Not really. When fighting FB1-style human forces in Cinematic, they're
like 
a man with a rapier fighting a thug with a club - the rapier is a
precision 
weapon which can kill swiftly and cleanly if used well, but if the
wielder 
isn't careful when he attacks he'll get mashed to pulp by the club. Same

with the Kra'Vak; if they're not careful when they set up their attack
runs 
they can get crushed very fast by human close-range wide-arc beam fire.

 >They are still tough against your standard warships in Vector, just
not
 >overpowering.

Define "standard warships" - *after* you've read what I wrote about the 
subject above :-/

Yes, in Vector the KV (which are designed for Cinematic) are tough
against 
*FB1-style* warships (which are *also* designed for Cinematic, and which

are even *less* suitable for Vector movement than the KV ships are).

If the KV run into designs which can be considered "standard VECTOR 
warships", then they aren't tough at all.
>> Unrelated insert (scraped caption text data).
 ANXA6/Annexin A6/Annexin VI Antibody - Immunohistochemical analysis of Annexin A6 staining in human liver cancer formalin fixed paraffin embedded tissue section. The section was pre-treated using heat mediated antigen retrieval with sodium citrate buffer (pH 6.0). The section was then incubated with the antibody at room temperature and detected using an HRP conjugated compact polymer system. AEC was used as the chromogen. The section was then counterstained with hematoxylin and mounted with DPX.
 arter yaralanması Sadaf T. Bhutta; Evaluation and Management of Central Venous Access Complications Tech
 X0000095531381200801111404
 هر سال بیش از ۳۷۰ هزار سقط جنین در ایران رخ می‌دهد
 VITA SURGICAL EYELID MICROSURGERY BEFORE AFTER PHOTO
Of course, those "standard
VECTOR 
warships" also tend to make mincemeat out of any FB1-style wide-arced
human 
ships they meet in Vector... just like they'd be turned into mincemeat 
themselves, should they try to fight in Cinematic.
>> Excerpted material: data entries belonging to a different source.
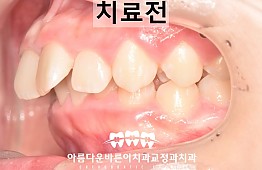 수술전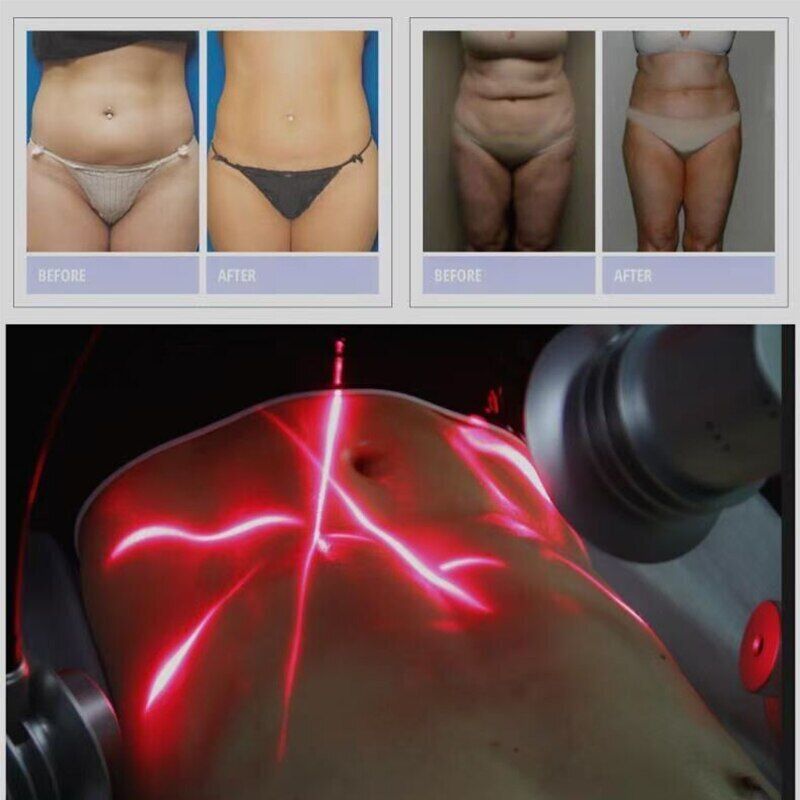 Professional 6D Laser Slimming Body Shape System 532nm Wavelengths Slim Machine
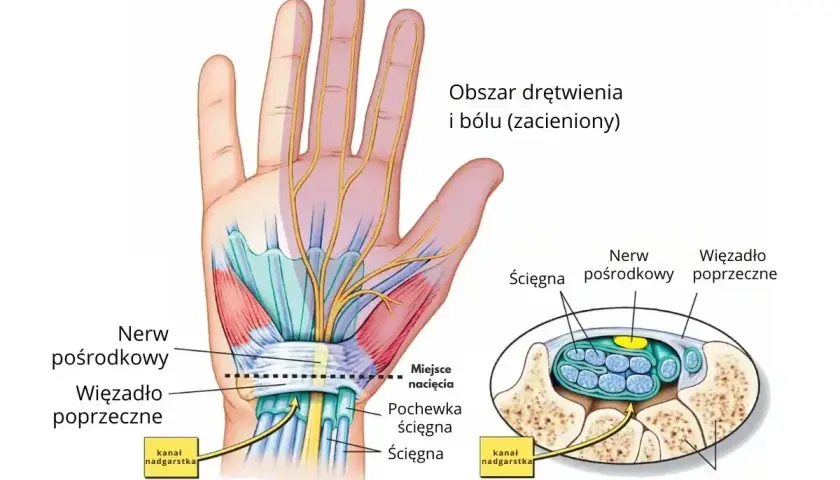 Anatomia dłoni z zaznaczonym nerwem pośrodkowym i więzadłem poprzecznym. Kość promieniowa jest częścią nadgarstka.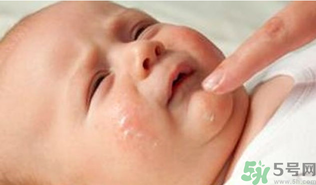 寶寶長奶蘚怎么回事？寶寶長奶蘚怎么辦？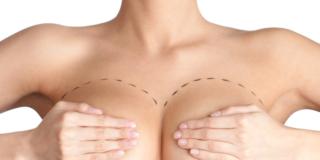 Seno: l’intervento fa ancora paura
 >>If you play Vector, then the KV force can quite
 >>safely hang around at range 25-30 mu; at that range every K-gun in
the
fleet >>can hit the human ships, and the humans can only reply with a
small
fraction
 >>of their own firepower.
 >
 >I've heard of this but never seen it in practice.
 >Usually we end up closing because we begin on
 >converging vectors in scenario setup.

It depends quite a bit on the set-up, yes. The KV player needs to plan
for 
it from the very start of the battle... but if he does, it is quite
doable.

 >Hanging back only works if you've got more speed, and your opponent
 >doesn't mind.

Er... shouldn't that "and" be an "or"? Kra'Vak ships quite often have
more 
useable thrust than human ships (which sooner or later translates into
more 
speed), and if you have more useable thrust than your opponent he
usually 
can't do much about your keeping the range open even if he *does* mind
:-/

 >>If you play Cinematic on a small table, ie. one
 >>where you can't manoeuvre
 >>outside the enemy's weapon envelope, the Kra'Vak are
 >
 >This I've never done.  Always been floating.	Of
 >course, 90%+ of my opponents are old SFB players so
 >floating tables are no big deal to them.

I very much prefer large floating tables as well, but there are at least

some groups who don't. Competitions often don't do it either, due to
lack 
of suitably large tables and/or time restrictions.

For some strange reason, there's a very strong correlation between the 
groups which play on cramped non-floating tables and the groups who 
consider the FB2 Kra'Vak to be underpowered and the Phalon Pulser-C
tuning 
to be way overpowered <g>

Regards,

Oerjan
oerjan.ohlson@telia.com

"Life is like a sewer.
  What you get out of it, depends on what you put into it."